Manevî değerlerin kıymetini, ancak kaybettikten sonra öğreniyoruz. Karşılıklı sevgi ve saygı, fedakârlık, başkasının derdiyle dertlenme gibi kavramlar git gide yok olmadı mı?
Üsküdar Üniversitesi tarafından toplumsal değerlerin gelişmesi amacıyla topluma örnek olan kişilerin ödüllendirilmesi maksadıyla düzenlenen “Yüksek İnsanî Değerler Ödülleri” sahiplerini bulmuş. Programda yapılan konuşmalarda ise kaybolan değerlerimize dikkat çekilmiş ve isabetli tesbitlerde bulunulmuş.
Törende konuşan Üsküdar Üniversitesi Rektörü Prof. Dr. Nevzat Tarhan, şöyle demiş: “Bir evde bir anne-babanın en önemli konusu nedir? Çocuğunu iyi yetiştirmektir. Fakat bakıyorsunuz zihin dünyasında ne var? Televizyona bir kaptırıyor kendini çocuk orada ders çalışmış, çalışmamış vesaire her şey ikinci planda kalabiliyor. Psikolojiyi geçtiğimiz yıllarda hep ‘3D’ olarak tanımlıyorduk. Duygu, düşünce, davranış diye. Fakat şimdi özellikle son 10-20 senedir psikolojide bir dördüncü ‘d’ eklendi, ‘değerler’. Bunun ortaya çıkış nedeni aslında bu bilimin ortaya çıkış nedeniyle paralel. İhtiyaçtan ortaya çıktı. Bir ihtiyaç olarak bakılıyor özellikle ABD toplumunda para, zenginlik, varlık, sosyal standartları yüksek bir toplum var, ama ona paralel insanlıkta bir mutluluk yok.”

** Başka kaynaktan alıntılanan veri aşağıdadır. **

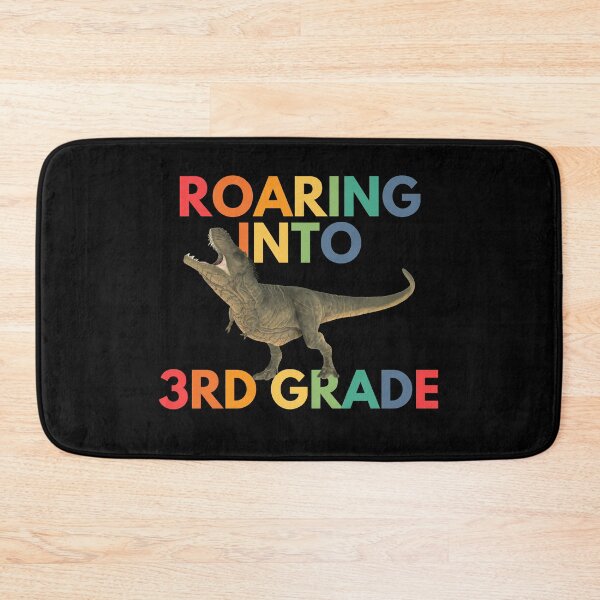 Item preview, Roaring Into 3rd Grade designed and sold by syarifahrasul.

“Değerlerle uğraşmak artık bilimsel bir kategori” diyen Tarhan, “Bu nedenle, adalet, dürüstlük, şefkat ve merhamet, şeffaflık, cesaret, empati ve sorumluluk, güven ve sadâkat, utanma, alçakgönüllülük, yardımlaşma, helâlleşme, selâmlaşma, içtenlik, bağışlama, cömertlik, fedakârlık, minnettarlık, çoğulculuk, katılımcılık, özgürlükçülük, hesap verebilirlik, uzlaşmacılık, yenilikçilik, vefa gibi 24 değeri gençlere kazandırmak için 2013’te bu başlıkları ders olarak koyduk” şeklinde konuşmuş.
Ödül verilenler arasında yer alan Devlet Tiyatroları Sanatçısı Turgay Tanülkü de yaptığı konuşmada şöyle demiş: “Bu ödülü evlâtlarım ve şu anda cezaevinde anneleriyle birlikte kalan 725 evlât için alıyorum. Aslında iyiliği bu ülke öğretti bana. 16 yaşında anladım sokağa bakmayı. Sokakta bizden daha kötü olanlar vardı ve 17’sinde de cezaevine girdim. Bu ülkeye çok şey borçluyum. Yaradandan sonra bu ülkenin insanlarına borçluyum. Çünkü hep yatılı kaldım. Hep devlet baktı bana ve tanımadığım insanların vergileri benim ve çocuklarımın kursağından geçiyor. Bu ülkenin insanlarına minnettarım. İyilik yapmıyorum aslında iyiliği ben kendime yapıyorum.” (AA, 5 Mart 2020)
Ödül alanlardan Prof. Dr. Gürdoğan da insanî değerlere her zamankinden çok daha fazla ihtiyaç olduğunu belirterek, “Artık nasıl tarım toplumları sanayi toplumlarına, sanayi toplumları bilgi toplumlarına dönüşmüşse, önümüzdeki yıllarda da mutlaka bilgi toplumları değer toplumlarına dönüşmek zorunda. Günümüzün en önemli güç kaynağı bundan böyle değerler olacaktır” ifadelerini kullanmış.
İhtiyaçlarla birlikte dünya da değişiyor. Önümüzdeki yıllarda “Bilgi toplumları” önümüzdeki yıllarda “değer toplumları”na dönüşecekse ülkemizin ve milletimizin de buna hazır olması icap eder. Aynı şekilde önümüzdeki yıllarda “(en) önemli güç kaynağı değerler” olacaksa eğitim sistemimizin de buna göre şekillenmesinde fayda var.
Esasında geçmişte de en büyük güç ‘ahlâk ve manevî değerler’di, bundan sonra da öyle olacak. Bunun farkında olan ve ona göre adım atanlar kârlı çıkacak vesselâm.